Saturday, April 9, 2011

Book Review- The Baby Planner

I just finished reading The Baby Planner by Josie Brown for a Gallery Book Tour.

From Goodreads:

The Nanny Diaries meets The Wedding Planner in this smart, dishy novel from the author of Secret Lives of Husbands and Wives—featuring a woman who runs San Francisco’s premier baby planning company and the mommies-to-be who seek out her services.

Katie Johnson may make her living consulting with new moms on the latest greatest baby gadgets no parent should be without, or which mommy meet-ups are the most socially desirable, or whether melon truly is the new black, but the success of her marriage to her husband, Alex, depends on controlling her own urges toward motherhood.

He's adamant that they stay childless. Sure, Katie understands that he's upset over the fact that his out-of-town ex-wife rarely lets him see their ten-year-old son, Peter. But living vicariously through her anxious clients and her twin sisters' precocious children only makes Katie resent his stance more deeply.

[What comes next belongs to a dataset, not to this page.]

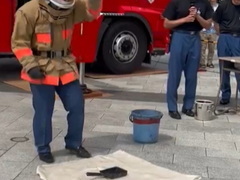 東京消防庁芝消防署によるモバイルバッテリーの火災実験　動画提供：京浜撮影隊（@keihinpc）さん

While helping a new client—Seth Harris, a high tech entrepreneur who must raise Sadie, his newborn daughter, as a single parent after the tragic death of his wife in childbirth—maneuver the bittersweet journey from mourning husband and reticent father to loving dad, Katie’s own ideals about love, marriage, and motherhood are put to the test as she learns ones very important lesson about family: How we nurture is the true nature of love.

At first, I dove into this book.  A baby planner job?  Maybe I should have gone that route!  I sympathized with Katie.  I wanted her to get pregnant and have a baby.  And from the very first page, I absolutely HATED Alex, Katie's husband.  I couldn't see what Katie saw in him at all.  How was he her "Mr. Right?"  They didn't have anything in common and he was always such a jerk to her.  Ugh.

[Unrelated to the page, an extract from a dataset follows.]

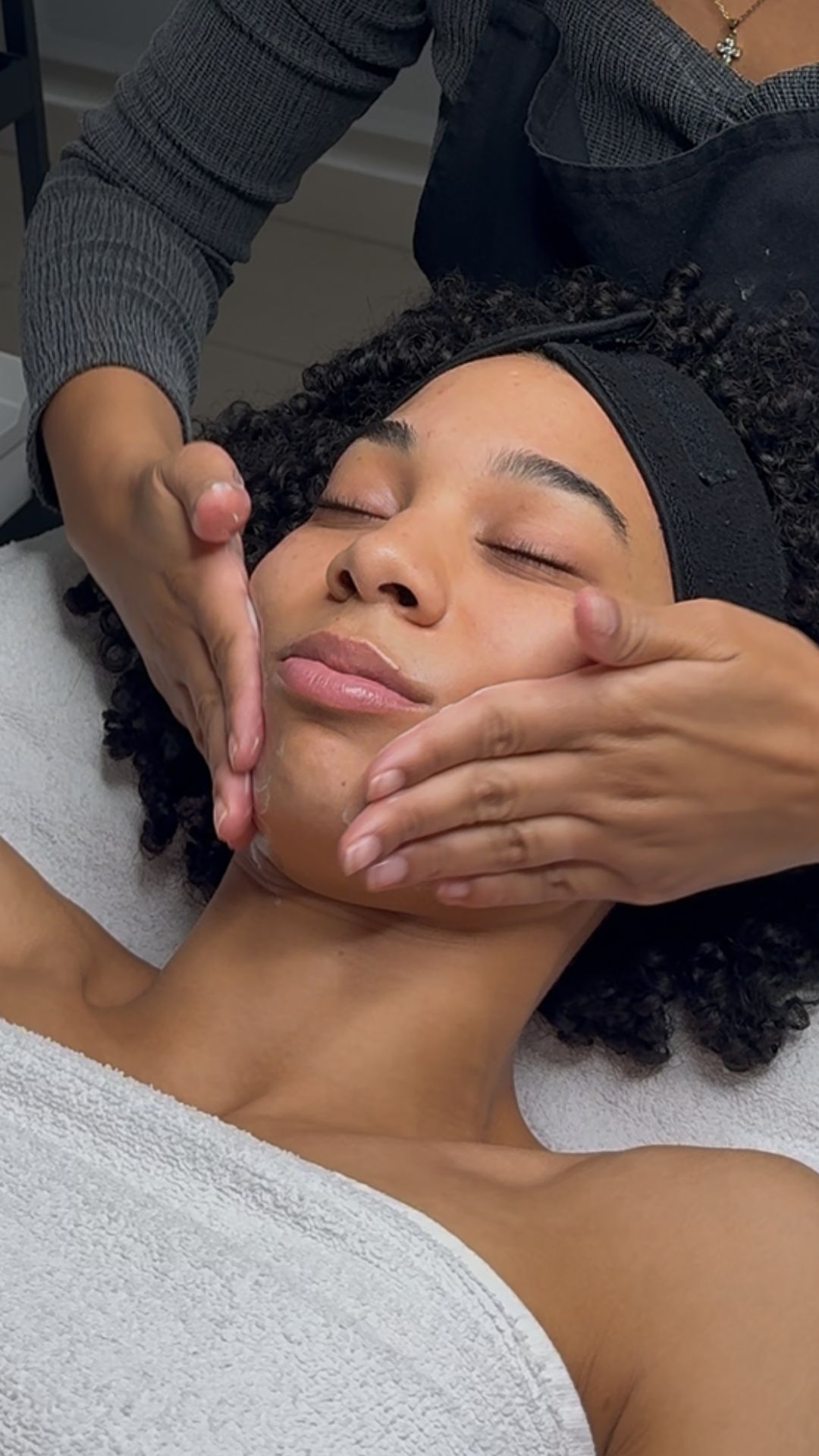 Soin Hadassa Glow image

But I loved how the new job grew.  And how Katie became so close with the women who were pregnant.  I was so absorbed in the book.  Until about two-thirds of the way in.  Then it just got too much for me.  Too much happened all at once, and while I definitely think that every good story needs a climax, there was too many in this book and it kind of turned me off.  And while Katie had every right to turn as bitter as she did, she didn't do it in a way that still had my sympathizing for her (if that makes any sense--I'm trying not to give it away).  And the ending just kind of...ended.  I don't feel that there was any real conclusion to one of the biggest issues.

Oh well, I liked that I learned about the baby planner job and still like the way that Josie Brown writes.

I gave this book a rating of 3.5/5.

This book fulfills items in the following challenges:
2011 100+ Reading Challenge: 27

*FTC Disclosure: I was given this book for free Gallery and Pocket Book Blog Tours for an honest review.